Wiedmer: Ultimate sub comes through for Louisville

Friday, January 1, 1904

photo Louisville's Luke Hancock (11) works Saturday against Wichita State's Fred Van Vleet (23) and Wichita State's Tekele Cotton (32) during their NCAA Final Four tournament semifinal game in Atlanta. Louisville won 72-68.

ATLANTA - His Louisville teammates tried to say all the right things about walk-on Tim Henderson and the two monstrous 3-pointers he swished in the second half of the Cardinals' 72-68 Final Four semifinal victory over Wichita State.

After all, without those 3s Louisville might never have escaped the 12-point hole it was in with 13:36 to play against the aptly named Shockers.

"We all have confidence in Tim," said fellow reserve Luke Hancock, who led the 'Ville with 20 points, including 14 in the second half.

"He works so hard in practice," point guard Peyton Siva said. "I was so ecstatic for him."

But then the truth came out. Yes, they were happy for their teammate, but they were also more than a little surprised.

"I guess this makes up for him shooting it off the side of the backboard in Madison Square Garden," Siva added with a grin.

"Being very kind," Cardinals boss Rick Pitino began, "I was shocked."

Not that Ricky P had much of a choice. Russ Smith was on the bench with three fouls. The Cardinals were in their worst funk in six weeks, having let a one-point halftime deficit slip to a 12-point canyon.

And as the whole world knows by now, super sub Kevin Ware couldn't come to the rescue, though he did drag his broken right leg to the end of the bench, where he propped it up on a chair while wearing his uniform.

"For a second, I thought he was about to sub in," Siva said of the moment in the second half when Pitino called a 30-second timeout just before Henderson's heroics began and Ware limped to the back of the huddle.

"He just wanted to tell us to pick it up."

Just like that, the lightly used Henderson -- playing at all only because of Ware's injury -- came to the rescue.

How insignificant was Henderson in Louisville's plans before Ware went down? He'd failed to score so much as a single point in 33 of the Cardinals' 38 games, failing to get on the court at all in 13 of their contests.

He'd hit just four 3s in 17 attempts this season,and one of those makes came at the buzzer of last weekend's 22-point win over Duke in the Midwest Regional final.

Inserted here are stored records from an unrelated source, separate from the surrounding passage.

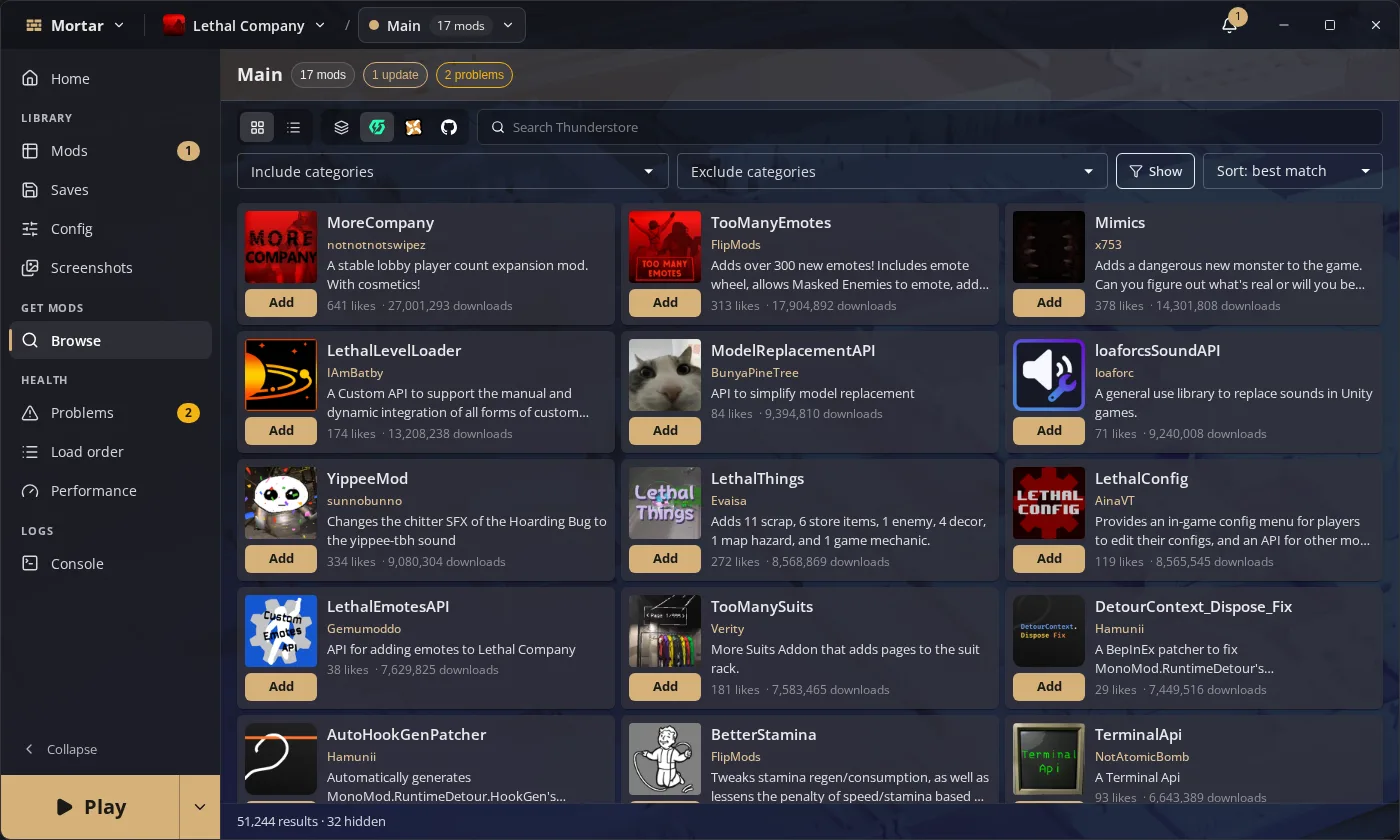 The Browse tab listing Lethal Company packages from Thunderstore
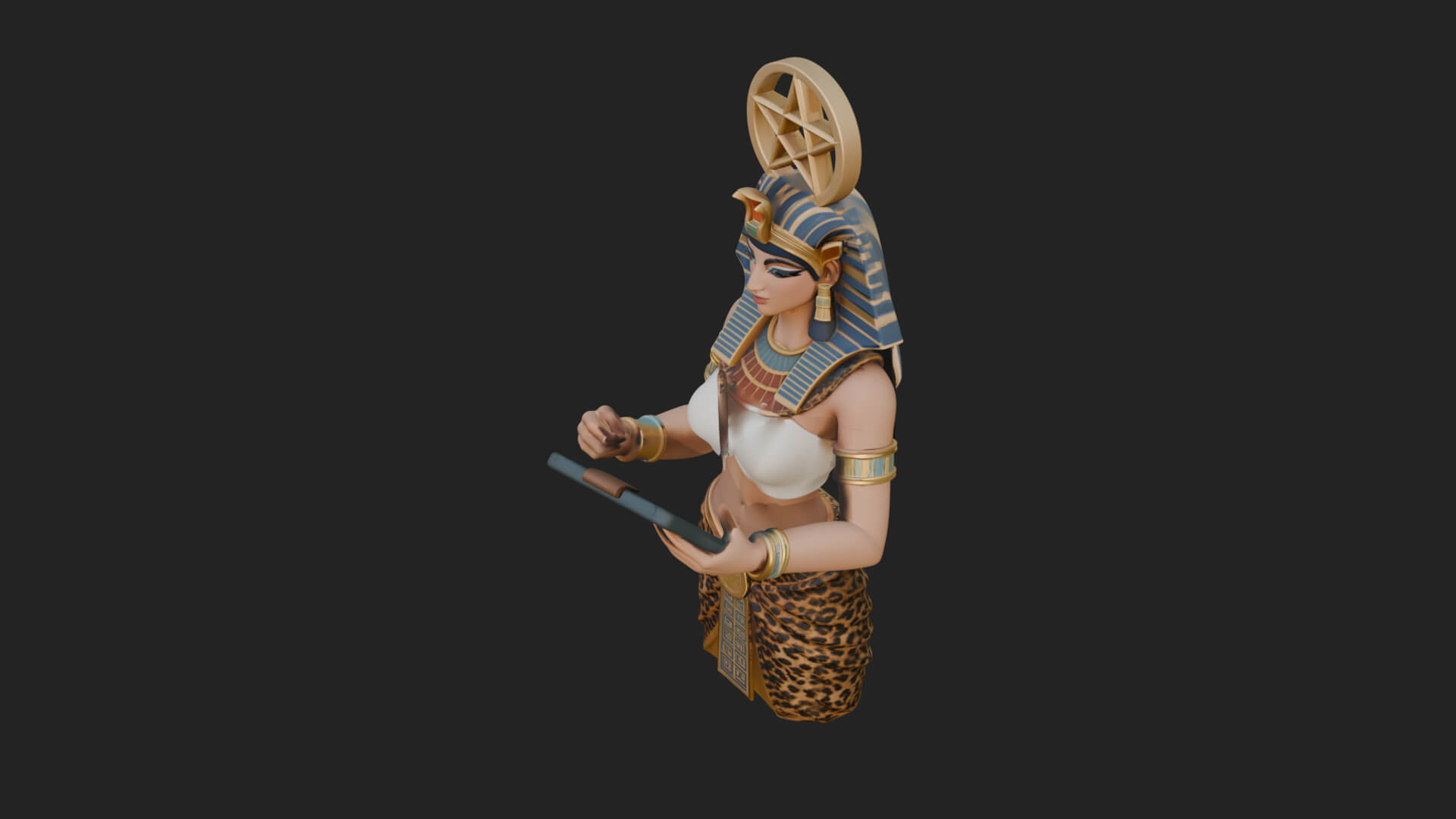 Star Disc Egyptian Goddess Statue Design 6 3D Print Model 3D Model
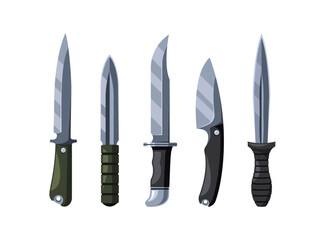Collection Of Five Tactical And Hunting Knives Isolated On White Background, Features Different Handle And Blade Shapes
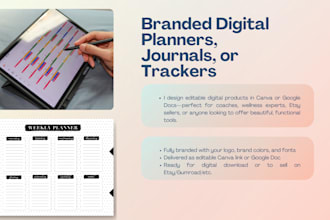 create branded digital planners, journals, or trackers in canva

In fact, it was so easy to forget the junior walk-on that when the Louisville Courier-Journal printed a special section for the Cards' Final Four appearance a year ago, a last-minute shift in number of pages caused the newspapers to leave Henderson's bio out altogether.

Yet when Ware horrifically broke his leg against Duke, Henderson had to play. Especially when Smith picked up his third foul with 17:31 to go.

At that moment, Wichita led 32-28. That advantage would swell to 47-35 against the tournament's overall No. 1 seed. If ever there was a spot for an upset, for Pitino to fall in the semifinals for the fifth time in his seven Final Four appearances, this appeared to be it.

But within 22 seconds, the Louisville coach sent Henderson into the game, then positioned him in the right corner. At the 13-minute mark he swished his first 3-pointer of the night to pull the Redbirds within 47-38. Then he struck again 42 seconds later from the same spot.

Now Louisville was within 47-41. Now it was a game, eventually to become Louisville's first appearance in the championship game since "Never Nervous" Purvis Ellison led U of L to the 1986 NCAA title.

"We call ourselves the Zone Busters in practice," Henderson said afterward.

Added Hancock: "Tim and I feel like we're pretty good shooters. Tim hits shots like that all the time in practice."

But this wasn't practice. This was the Final Four with your team down 12.

Said Pitino: "I really wasn't shocked that Tim made them. I was shocked that he had the gumption to take it, then take it again. That's pretty darn big on this stage."

As the game ended and the Cardinals hugged each other, a sign appeared in Louisville's cheering section proclaiming, "This Is A Ware House."

Still in operation because Ware's substitute came up pretty darn big inside it.